Prospective software procurement
Thinking proactively, any organization that procures new software should at the same time consider end-of-life issues, however difficult in the glow of the acquisition. For example, buyers should investigate whether the prospective vendor has an end-of-life or end-of-sale policy and, if so, does it dovetail with the buyer’s requirements? As policies will vary considerably from vendor to vendor, the buyer should make detailed inquiries regarding the specifics and track record of the proposed vendor. For example, how much advance notice does the vendor provide regarding termination of maintenance/support? Does the vendor offer additional end-of-life/end-of-sale support for additional fees? If so, for how long?
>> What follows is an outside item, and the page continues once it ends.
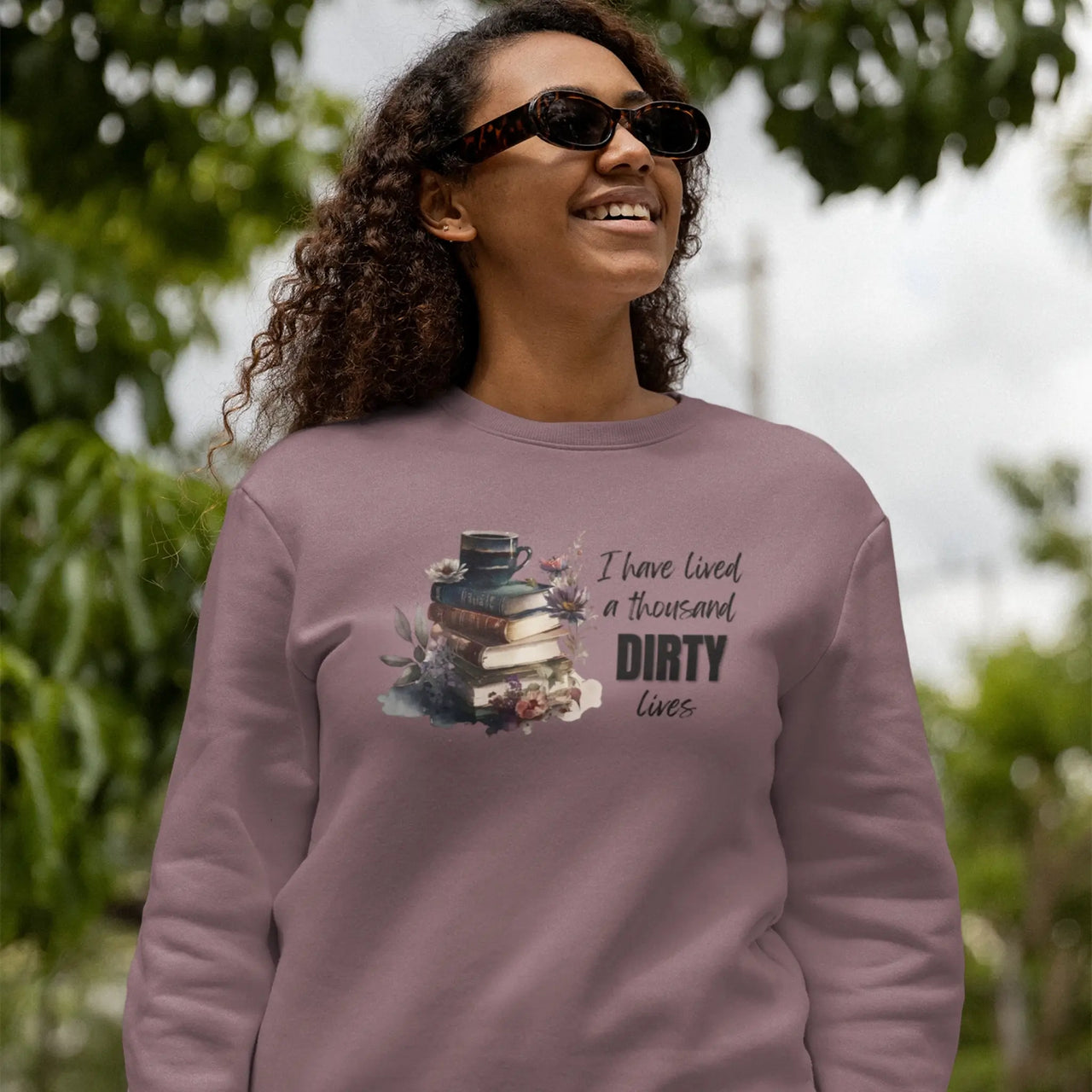 woman wearing a maroon I have lived a thousand dirty lives sweatshirt v2 design A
If no formal policy exists, how has the prospective vendor dealt with end-of-life or end-of-sale software for other clients? It’s worth having these discussions with other users of the software or inquire among client user groups to avoid any unexpected surprises. Consider whether the prospective vendor also seems to have a sufficiently deep pool of developers and adequate, scalable bench strength or whether the company’s entire development team rests on the shoulders of one or two people who may go on extended vacations or otherwise leave the vendor some day and paralyze its support capability.
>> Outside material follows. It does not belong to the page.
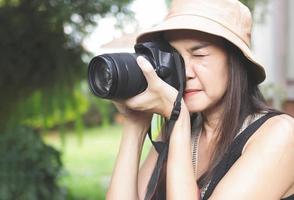 asiatisk kvinna bär hatt och ärmlös topp tar foton i de parkera med dslr kamera.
While much of this article paints a dire picture of legacy software, organizations would do well to remember that the risks of using out-of-date software remain high. It is also likely that any organization using vast amounts of legacy software will also be using outdated hardware, all of which may be impacting company productivity. While the thought of engaging in lengthy software procurement and the implementation process may be daunting, it’s fair to say that the risks of continuing to use obsolete software far outweigh the difficulties of upgrading or replacing existing software that has reached the end of its life.
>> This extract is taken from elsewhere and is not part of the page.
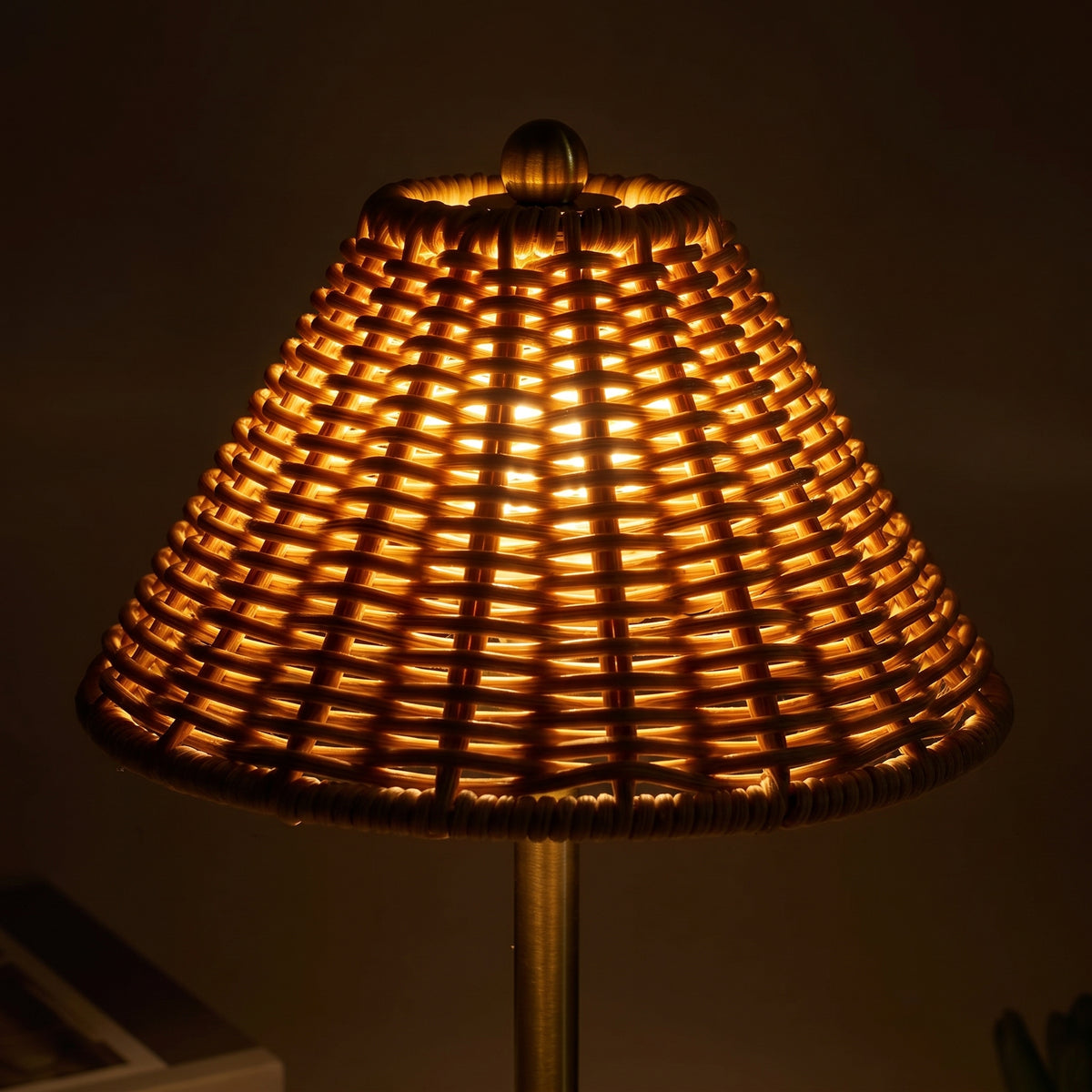 Rattan shade glowing from within at night, light threading through the weave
Lastly (and to end on a more positive note), rather than actually running archaic versions of legacy software, fans of vintage software can take solace in a recent February report from Yale regarding the ability to access and use such systems via emulation technology. Thanks to considerable grants from The Andrew W. Mellon Foundation and the Alfred P. Sloan Foundation, digital preservationists are building a shareable “emulation as a service” infrastructure to resurrect thousands of obsolete software programs and ensure that the information produced on them will be kept intact and made easily available for future access, study and use. YaleNews recently reported that it is expected that the project will enable access to at least 3,000 applications, including operating systems, scientific software, office and email applications, design and engineering software and software for creative pursuits such as video editing or music composition. It is expected that the project will be completed in June 2020.